昔は立派であったであろう朱色の鳥居や本坪鈴も色褪せ、入母屋造の本殿でさえ、今では木が腐り傾いてしまっていた。
境内には至る所に草が覆い茂り、石畳さえなければ周りと同化しかかっている。

彼女は拝殿まで歩いていくと、賽銭箱の前にある鈴緒に手を伸ばした。
小さく振れば、がらんがらんと乾いた音が響き渡る。

彼女は手を合わせると、静かに瞼を閉じた。


「かみさま、誰でもいい何でもいいんです」


さらりと頬を風が撫でる。



「わたしに…――――」


言葉は静かに風の中に消えていく。


この荒れ果てた神社にまだ神様がいるかどうか彼女には分からなかった。
しかし、祈らずにはいられなかったのだ。

ひとり生きることに慣れない。

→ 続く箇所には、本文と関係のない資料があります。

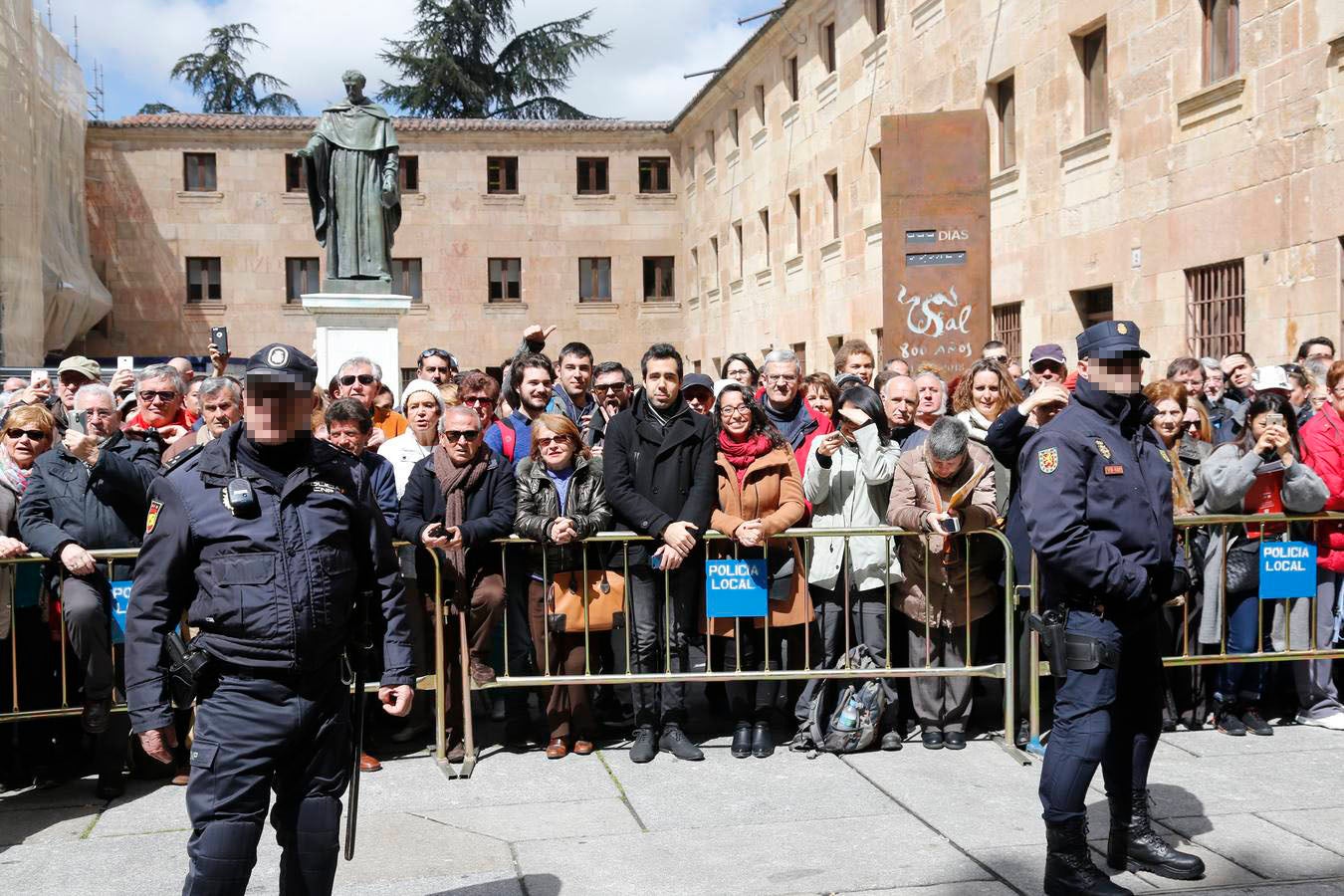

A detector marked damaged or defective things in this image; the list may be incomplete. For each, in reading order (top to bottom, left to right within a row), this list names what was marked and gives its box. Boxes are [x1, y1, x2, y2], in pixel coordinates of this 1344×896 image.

rusty metal panel [881, 112, 989, 378] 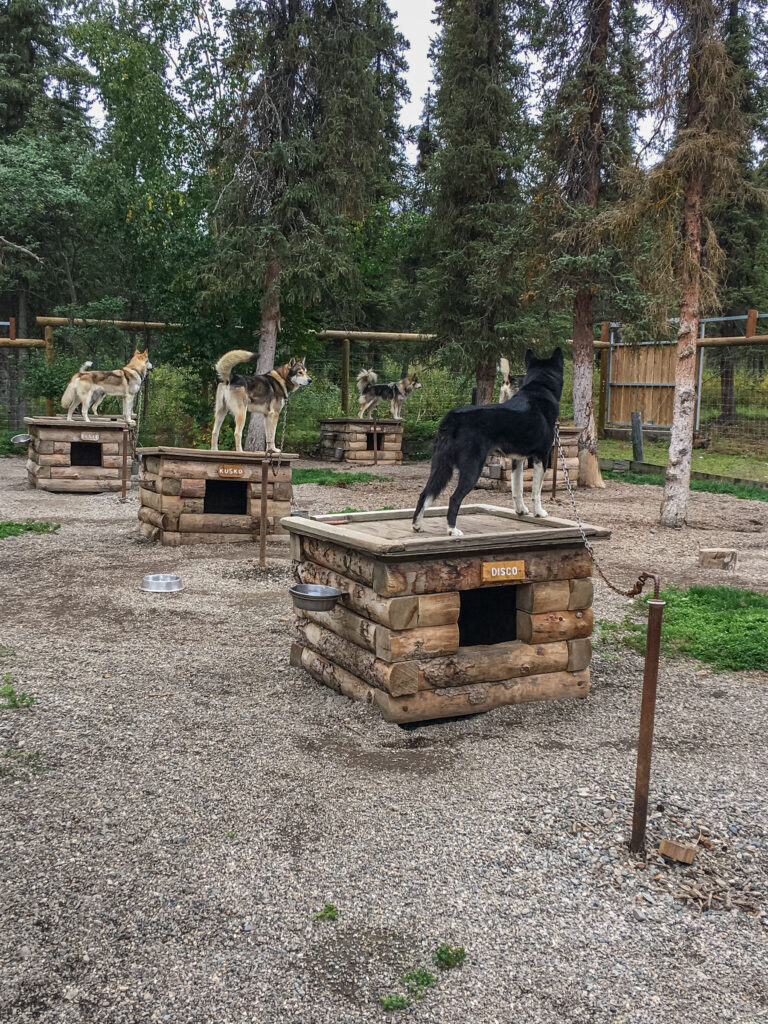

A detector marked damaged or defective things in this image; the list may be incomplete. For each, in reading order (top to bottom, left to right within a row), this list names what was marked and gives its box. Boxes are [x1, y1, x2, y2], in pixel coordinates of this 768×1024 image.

両親だけでなく、祖父母すら鬼籍に入ってしまっており、天涯孤独の彼女にとっての頼る相手といえば、ご近所さんか同級生か葬式を取り仕切ってくれたお坊さんくらいで。しかし、寄りかかるには少し距離があるように感じてしまい、結局誰にも縋り付けないでいた。

しかし、そのせいかぽっかりと空いた心の穴は少しも風化せず、時折胸の中を苦しいほどに掻き回した。

どうしたら胸の痛みが治まるのか、どうしたらこの詰まるような寂しさから抜け出せるのか。
彼女の苦しみはひどく深く、彼女自身どうすれば治せるのかさえ分からなくなっていたのだ。


しかし、だからだったのだろうか。
彼女の願いが聞き届けられたのは。



欠けた月と満ちた陽



願い事をし終わり、瞼を開けた丁度その時だった。
目の前に何かが掠めたのは。


「えっ」


娘はぱちぱちとまばたきを繰り返す。
何度瞬いても、その景色は変わらなかった。


「な、に、あれ」


少し前まではただの暗闇が広がっていただけだったはずの本堂の中には、黒い物体が一つ。それはひどく暴れまわっており、バサバサと風を切る音が響き渡る。
その音はどこかで聞いたことのある、そう大きな鳥の羽音のようだった。

しかし、それは普通の羽根音に比べ、どこか必死なものであった。
まるで身に危険が迫っているかのようで緊迫したような。


立ち尽くしていた美桜は、はっとした。

ここで中の鳥を助けられるのは自分しかいないのだ。私が助けなくてはと。


間髪いれず少女は本堂に駆け寄り、扉に手をかけた。
鍵が掛かっていたはずの、その扉に。